C’est conséquemment à cette variété d’intérêt que chaque société a son ton, sa maniere particuliere de juger et son grand esprit, dont elle feroit volontiers un dieu, si la crainte des jugements du public ne s’opposoit à cette apothéose.

Voilà pourquoi chacun trouve à s’assortir. Aussi n’est-il point de stupide, s’il apporte une certaine attention au choix de sa société, qui n’y puisse passer une vie douce au milieu d’un concert de louanges données par des admirateurs sinceres ; aussi n’est-il point d’homme d’esprit, s’il se répand dans différentes sociétés, qui ne s’y voie successivement traité de fou, de sage, d’agréable, d’ennuyeux, de stupide et de spirituel.

La conclusion générale de ce que je viens de dire, c’est que l’intérêt personnel est dans chaque société l’unique appréciateur du mérite des choses et des personnes.

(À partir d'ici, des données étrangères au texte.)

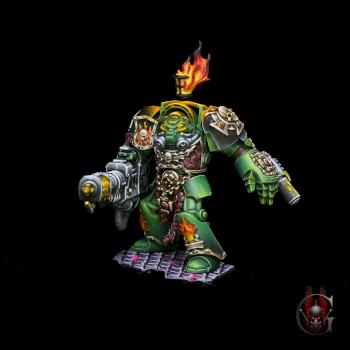 Space Marine Salamander Terminator with flamer by Galharen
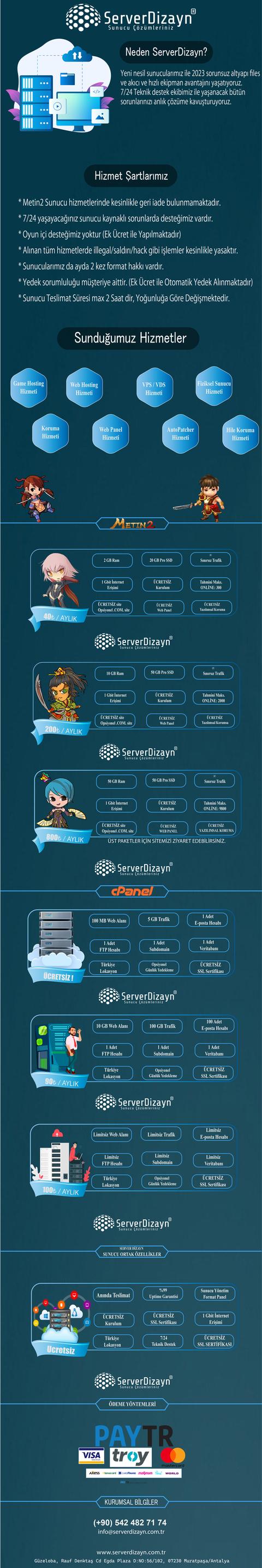 ServerDizayn.com.tr | Ücretsiz Hosting - Performans Canavarı VDS Sunucular - Metin2 Sunucuları
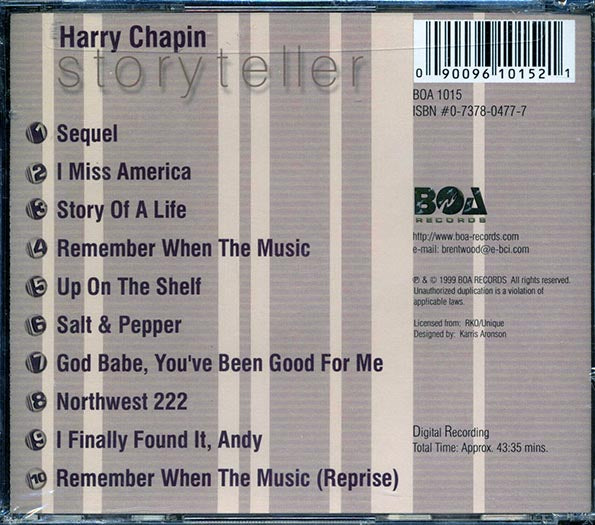 Harry Chapin - Storyteller (CD)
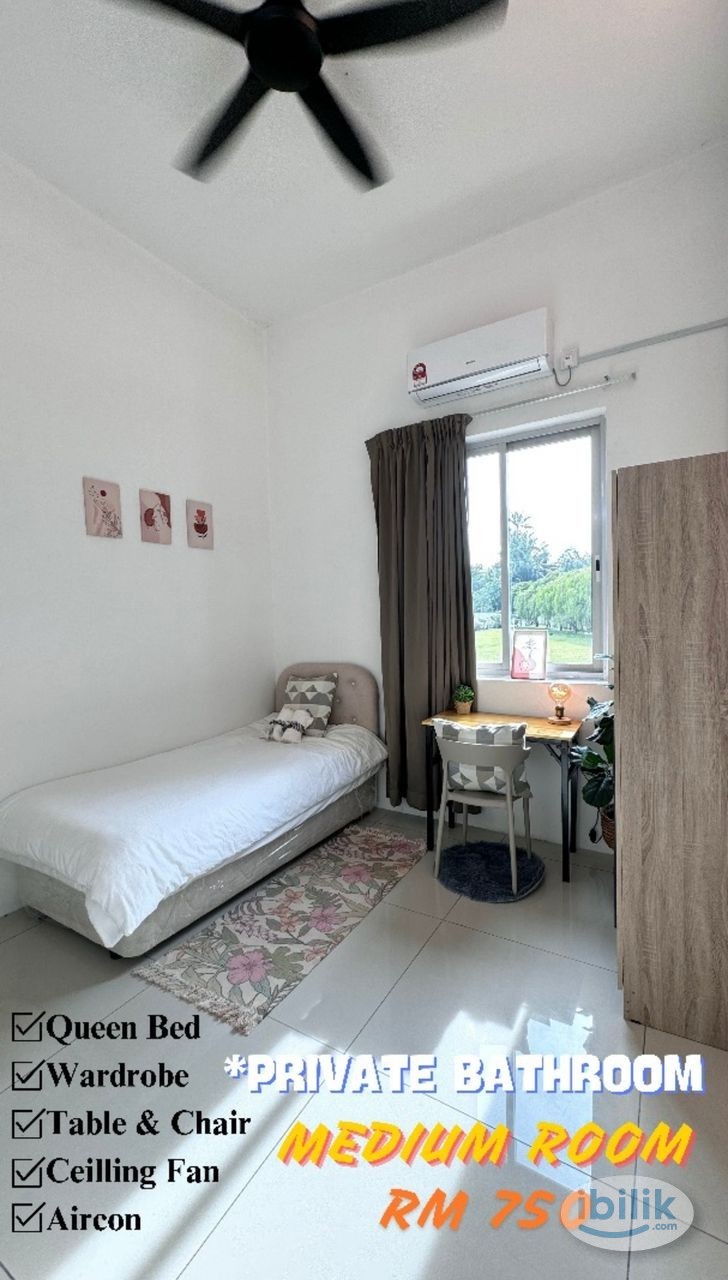 Image 1 of Bukit Mertajam Juru MEDIUM ROOM FOR RENT at Carnation Villa (Private Bathroom)🌟 RM 750 - Room rental in 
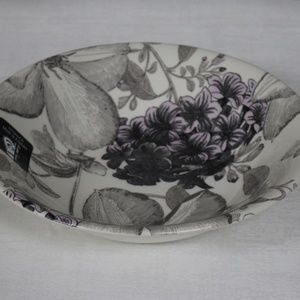 Andrew Tanner Royal Stafford Clematis Floral Lilac Purple Large Serving Bowl-NEW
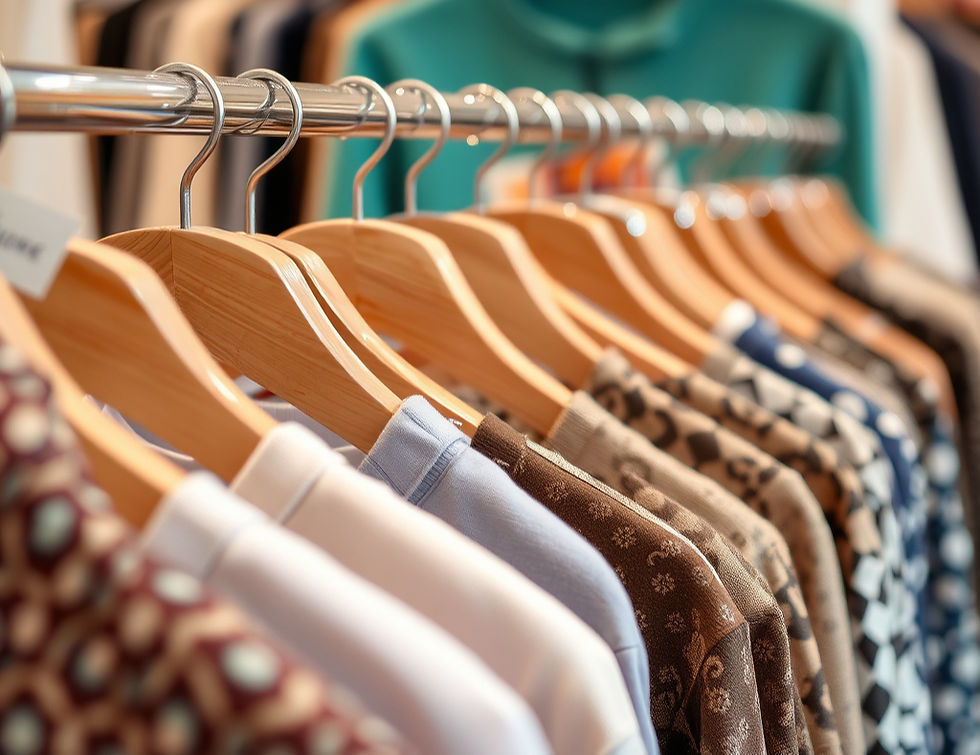Rail of clothes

Il ne me reste plus qu’à montrer pourquoi les hommes les plus généralement fêtés et recherchés des sociétés particulieres, telles que celles du grand monde, ne sont pas toujours les plus estimés du public.


  1. L’intérêt ne nous présente des objets que les faces sous lesquelles il nous est utile de les appercevoir. Lorsqu’on en juge conformément à l’intérêt public, ce n’est pas tant à la justesse de son esprit, à la justice de son caractère, qu’il en faut faire honneur, qu’au hasard, qui nous place dans des circonstances où nous avons intérêt de voir comme le public. Qui s’examine profondément se surprend trop souvent en erreur pour n’être pas modeste ; il ne s’enorgueillit point de ses lumieres ; il ignore sa supériorité. L’esprit est comme la santé ; quand on en a, l’on ne s’en apperçoit point.